Bild des Monats September 2010
90 Jahre
elektrisch in die Walddörfer
Eine konventionelle Hamburger U-Bahn fährt am Rand der in
Schleswig-Holsten gelegenen Stadt Ahrensburg entlang von Wiesen mit weidenen
Pferden und ohne erkennbare Bebauung. Sicherlich würde heute angesichts knapper
Haushaltskassen und anderer Formen der Flächenerschließung eine teure U-Bahn
mit dieser Streckenführung so nicht mehr gebaut. Aber es gibt sie, die
sogenannte Walddörferbahn, die heute mit einem großen Teil ihrer Strecke in der
Hamburger U-Bahnlinie 1 aufgegangen ist.

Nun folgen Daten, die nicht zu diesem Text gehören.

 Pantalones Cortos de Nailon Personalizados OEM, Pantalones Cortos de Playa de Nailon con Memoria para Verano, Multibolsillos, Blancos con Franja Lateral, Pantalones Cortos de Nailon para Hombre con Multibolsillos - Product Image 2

Vor 90 Jahren, am 06.09.1920, fuhr der
erste elektrische U-Bahnzug von Barmbek (damals noch Barmbeck) nach Volksdorf.
Die ebenfalls elektrisch betriebene Kleinbahn von Alt-Rahlstedt nach
Volksdorf, später nach Wohldorf verlängert, gab es zwar schon seit September
1904, doch hatte diese Überlandstraßenbahn nicht die Erschließungswirkung, wie
die spätere Walddörferbahn und soll hier nicht näher betrachtet werden.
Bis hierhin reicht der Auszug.